Carlos Ghosn, ex-presidente do conselho de administração e ex-presidente executivo do grupo Nissan e da aliança Renault-Nissan-Mitsubishi, foi detido em Tóquio em 19 de novembro de 2018 por suspeita de abuso de confiança e evasão fiscal.
Detido vários meses no Japão, o empresário foi libertado em março de 2019, após o pagamento de uma caução. No início de abril passado, foi novamente detido e outra vez libertado sob caução. O Ministério Público (MP) de Tóquio informou que a última detenção do ex-presidente da Nissan justifica-se pela suspeita de que Carlos Ghosn desviou cinco milhões de dólares, cerca de 4,4 milhões de euros.
No final desse mesmo mês, Ghosn ficou sob detenção domiciliária, a aguardar julgamento por evasão fiscal, entre outros crimes.
Os advogados e a família de Carlos Ghosn têm criticado fortemente as condições da detenção do empresário, bem como a forma como a justiça nipónica tem gerido os procedimentos deste caso.
Ghosn chegou à Nissan em 1999 como presidente executivo para liderar a recuperação do fabricante, com sede em Yokohama, nos arredores de Tóquio, depois de ter oficializado uma aliança com a francesa Renault.
A notícia da fuga de Carlos Ghosn apanhou de surpresa as autoridades nipónicas. Os serviços de estrangeiros e fronteiras não tinham qualquer informação sobre a saída de Ghosn. Neste momento, Ghosn está em Beirute, numa casa de família, na companhia da sua mulher, Carole, de origem libanesa.
Ghosn terá usado um avião particular com destino à Turquia e depois ao Líbano. Ghosn ter-se-á escondido numa caixa destinada a equipamentos musicais para não ser detetado.

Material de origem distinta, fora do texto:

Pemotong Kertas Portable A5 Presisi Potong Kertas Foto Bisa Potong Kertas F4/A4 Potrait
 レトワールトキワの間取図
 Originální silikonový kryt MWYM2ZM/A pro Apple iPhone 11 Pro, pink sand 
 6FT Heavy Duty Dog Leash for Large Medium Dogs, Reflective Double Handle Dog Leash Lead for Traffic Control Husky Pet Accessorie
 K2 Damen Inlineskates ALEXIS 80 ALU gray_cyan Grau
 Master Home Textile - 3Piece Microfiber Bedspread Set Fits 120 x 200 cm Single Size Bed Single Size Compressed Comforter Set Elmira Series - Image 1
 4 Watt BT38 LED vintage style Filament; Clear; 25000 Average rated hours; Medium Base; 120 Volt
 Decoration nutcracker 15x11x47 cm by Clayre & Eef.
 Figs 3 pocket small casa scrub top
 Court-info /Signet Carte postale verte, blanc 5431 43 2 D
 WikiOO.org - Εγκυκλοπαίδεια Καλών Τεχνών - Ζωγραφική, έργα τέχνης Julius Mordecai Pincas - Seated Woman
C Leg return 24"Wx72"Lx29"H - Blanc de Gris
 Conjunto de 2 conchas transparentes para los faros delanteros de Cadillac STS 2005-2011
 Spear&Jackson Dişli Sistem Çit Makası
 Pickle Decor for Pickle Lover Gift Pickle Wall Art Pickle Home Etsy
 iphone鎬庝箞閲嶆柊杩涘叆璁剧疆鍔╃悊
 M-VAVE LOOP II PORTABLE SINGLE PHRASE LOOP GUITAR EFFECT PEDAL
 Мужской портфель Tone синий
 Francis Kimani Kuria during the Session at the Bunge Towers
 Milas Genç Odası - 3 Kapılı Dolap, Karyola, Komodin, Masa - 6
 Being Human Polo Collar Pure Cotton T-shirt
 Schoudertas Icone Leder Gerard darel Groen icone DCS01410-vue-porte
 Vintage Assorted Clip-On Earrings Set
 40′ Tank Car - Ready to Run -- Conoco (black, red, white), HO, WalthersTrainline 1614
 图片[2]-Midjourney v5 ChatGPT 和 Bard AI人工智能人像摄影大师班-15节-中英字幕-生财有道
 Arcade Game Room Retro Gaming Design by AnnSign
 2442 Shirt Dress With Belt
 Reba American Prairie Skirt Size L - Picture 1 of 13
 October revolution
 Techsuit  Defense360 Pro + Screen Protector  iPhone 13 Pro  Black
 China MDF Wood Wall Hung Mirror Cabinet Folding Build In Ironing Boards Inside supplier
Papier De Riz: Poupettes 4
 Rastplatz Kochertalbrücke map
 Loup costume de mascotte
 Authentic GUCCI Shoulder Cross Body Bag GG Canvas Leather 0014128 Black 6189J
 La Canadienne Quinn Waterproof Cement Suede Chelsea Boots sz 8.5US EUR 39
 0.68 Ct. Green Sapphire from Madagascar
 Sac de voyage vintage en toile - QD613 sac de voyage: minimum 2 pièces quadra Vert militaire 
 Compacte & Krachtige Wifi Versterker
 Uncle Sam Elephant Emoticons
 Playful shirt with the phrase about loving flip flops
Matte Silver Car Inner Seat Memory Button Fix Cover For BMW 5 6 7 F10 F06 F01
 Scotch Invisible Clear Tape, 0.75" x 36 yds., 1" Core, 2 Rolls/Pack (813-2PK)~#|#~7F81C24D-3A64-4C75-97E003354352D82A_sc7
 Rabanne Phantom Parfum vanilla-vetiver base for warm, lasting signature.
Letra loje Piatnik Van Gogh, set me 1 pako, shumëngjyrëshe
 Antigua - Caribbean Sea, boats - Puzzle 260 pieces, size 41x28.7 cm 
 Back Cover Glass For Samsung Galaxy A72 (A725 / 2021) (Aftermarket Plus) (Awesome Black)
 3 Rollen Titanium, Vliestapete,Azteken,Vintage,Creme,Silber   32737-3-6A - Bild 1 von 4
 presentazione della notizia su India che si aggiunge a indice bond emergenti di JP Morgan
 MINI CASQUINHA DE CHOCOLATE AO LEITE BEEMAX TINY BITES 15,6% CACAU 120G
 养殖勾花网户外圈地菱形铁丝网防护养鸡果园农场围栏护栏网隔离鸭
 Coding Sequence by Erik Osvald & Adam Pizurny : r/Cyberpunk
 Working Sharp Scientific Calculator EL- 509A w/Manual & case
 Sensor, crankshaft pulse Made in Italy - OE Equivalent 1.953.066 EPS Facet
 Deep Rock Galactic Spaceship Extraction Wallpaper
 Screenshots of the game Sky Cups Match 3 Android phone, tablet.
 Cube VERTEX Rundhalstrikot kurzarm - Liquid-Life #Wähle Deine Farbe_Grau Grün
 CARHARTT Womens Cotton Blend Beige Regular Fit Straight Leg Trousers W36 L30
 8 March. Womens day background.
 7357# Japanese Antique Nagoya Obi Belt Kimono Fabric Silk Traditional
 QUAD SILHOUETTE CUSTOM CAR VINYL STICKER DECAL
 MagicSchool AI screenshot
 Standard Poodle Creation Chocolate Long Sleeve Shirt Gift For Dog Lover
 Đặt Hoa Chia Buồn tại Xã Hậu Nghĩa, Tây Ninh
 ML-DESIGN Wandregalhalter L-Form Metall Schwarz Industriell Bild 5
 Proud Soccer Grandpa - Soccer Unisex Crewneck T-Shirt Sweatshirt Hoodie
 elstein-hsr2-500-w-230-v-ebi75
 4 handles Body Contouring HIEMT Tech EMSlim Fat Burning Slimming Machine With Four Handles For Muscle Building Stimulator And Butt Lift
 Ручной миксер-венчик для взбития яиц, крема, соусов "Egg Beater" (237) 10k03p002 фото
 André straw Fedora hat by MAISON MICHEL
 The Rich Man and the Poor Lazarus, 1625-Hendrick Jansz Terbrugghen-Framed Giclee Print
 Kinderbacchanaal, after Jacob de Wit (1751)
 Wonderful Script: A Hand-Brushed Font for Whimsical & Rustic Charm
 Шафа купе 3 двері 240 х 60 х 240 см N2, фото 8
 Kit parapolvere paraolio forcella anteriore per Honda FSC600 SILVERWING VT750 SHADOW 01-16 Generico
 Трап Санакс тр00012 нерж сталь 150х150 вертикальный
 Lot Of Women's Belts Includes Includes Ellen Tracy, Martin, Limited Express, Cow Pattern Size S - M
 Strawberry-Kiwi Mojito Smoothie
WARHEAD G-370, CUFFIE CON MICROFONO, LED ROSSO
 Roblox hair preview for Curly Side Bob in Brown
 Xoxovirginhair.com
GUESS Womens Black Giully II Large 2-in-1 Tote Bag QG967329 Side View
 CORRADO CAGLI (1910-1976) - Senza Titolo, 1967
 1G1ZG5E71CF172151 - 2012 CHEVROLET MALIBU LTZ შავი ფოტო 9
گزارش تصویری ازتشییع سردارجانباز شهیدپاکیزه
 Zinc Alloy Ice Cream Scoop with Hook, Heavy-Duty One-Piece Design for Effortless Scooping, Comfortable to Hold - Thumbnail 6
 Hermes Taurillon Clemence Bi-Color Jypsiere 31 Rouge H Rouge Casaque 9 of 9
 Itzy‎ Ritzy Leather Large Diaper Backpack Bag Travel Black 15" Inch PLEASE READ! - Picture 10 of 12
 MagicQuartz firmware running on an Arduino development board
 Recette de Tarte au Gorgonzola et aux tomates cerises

A mulher, Carole Ghosn, reagiu, dizendo tratar-se de “uma ficção”, sem detalhar mais sobre a fuga do marido.
Ghosn terá entrado no Líbano com um passaporte francês. O objetivo da fuga seria encontrar um ambiente jurídico mais favorável para Ghosn. O Líbano tinha iniciado contactos com o governo japonês para que o gestor fosse julgado em Beirute.
Desconhece-se ainda como Carlos Ghosn conseguiu escapar para a capital do Líbano e quando começou a preparar o plano que segundo o próprio foi elaborado “sozinho”. No entanto, as autoridades estão a tentar perceber se houve cúmplices.
Na quinta-feira, o Líbano recebeu um mandado internacional da Interpol para a detenção do ex-presidente da Renault-Nissan. As autoridades turcas já detiveram e colocaram sob custódia sete pessoas, incluindo quatro pilotos, todos suspeitos de ajudar Ghosn a fugir do Japão para o Líbano.
Na segunda-feira, o chefe do gabinete e ministro porta-voz do Governo, Yoshihide Suga, garantiu que Tóquio desenvolverá todos os esforços diplomáticos para conseguir que o Líbano entregue o ex-presidente da Nissan às autoridades japonesas.